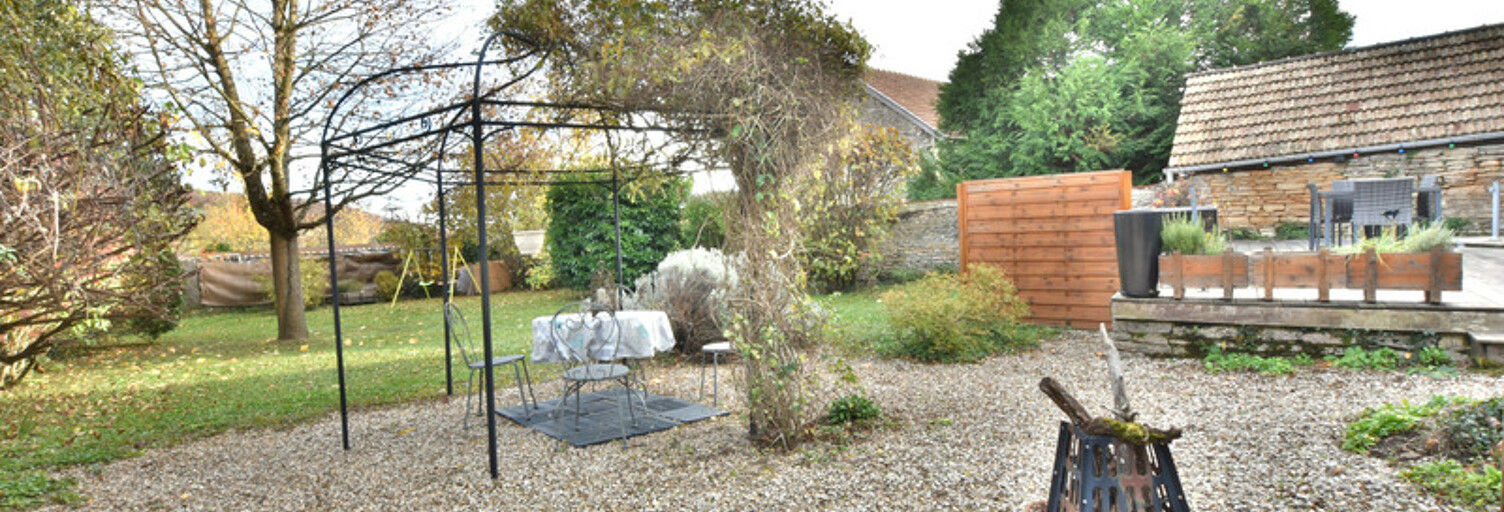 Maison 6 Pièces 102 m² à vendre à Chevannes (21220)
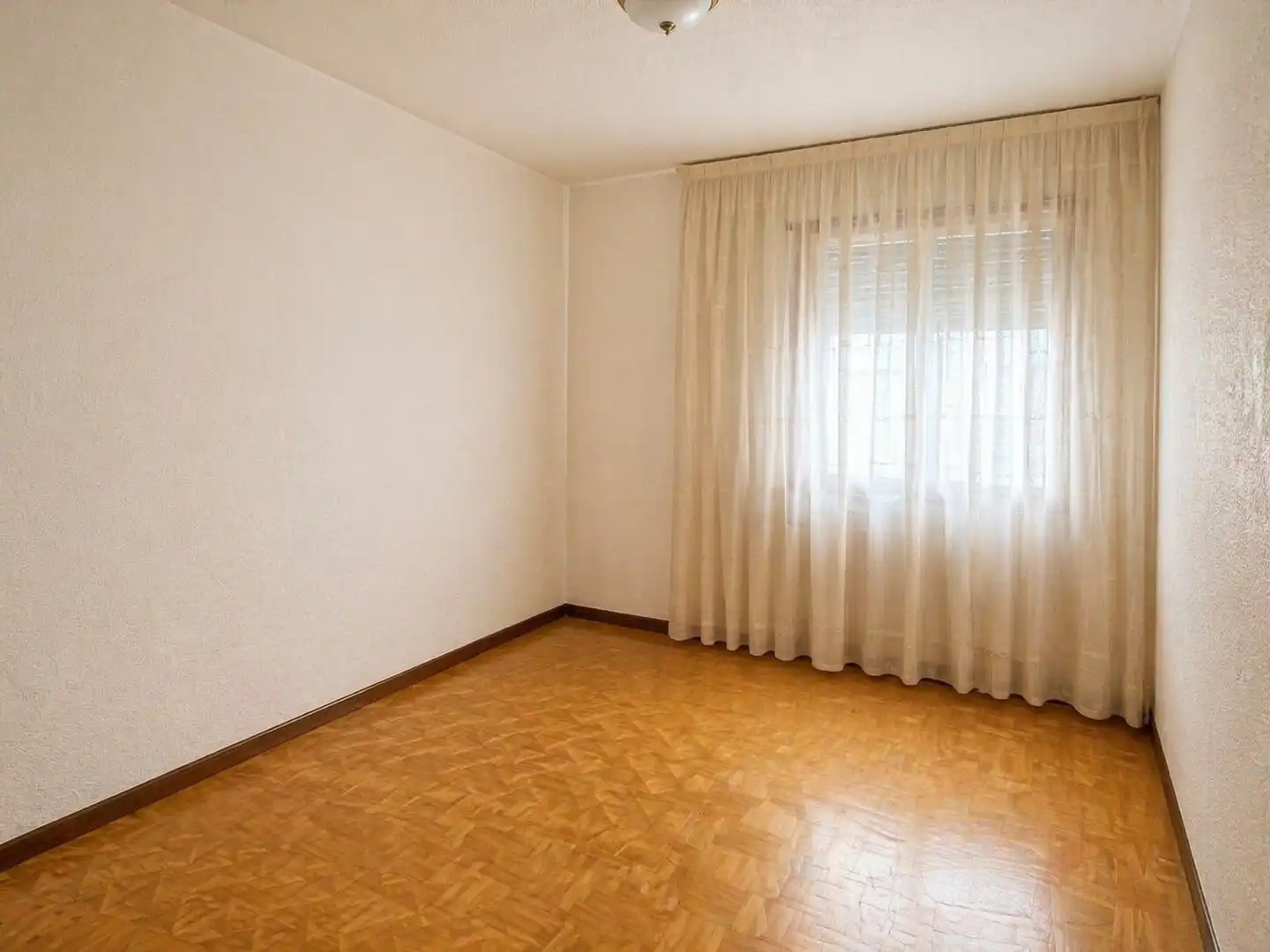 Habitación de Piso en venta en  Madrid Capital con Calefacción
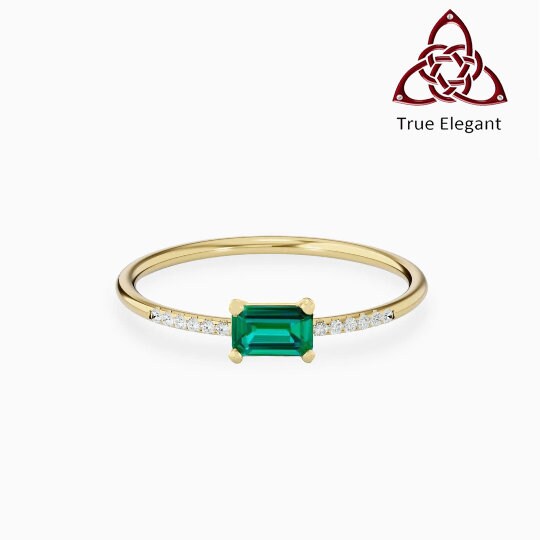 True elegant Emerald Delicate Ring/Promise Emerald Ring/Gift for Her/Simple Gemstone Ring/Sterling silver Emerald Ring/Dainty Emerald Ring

> [WORK REQUEST]: Omit the pictures, then print the rest of the listing above exactly.

> [RESPONSE]:
 Maison 6 Pièces 102 m² à vendre à Chevannes (21220)
 Habitación de Piso en venta en  Madrid Capital con Calefacción
 True elegant Emerald Delicate Ring/Promise Emerald Ring/Gift for Her/Simple Gemstone Ring/Sterling silver Emerald Ring/Dainty Emerald Ring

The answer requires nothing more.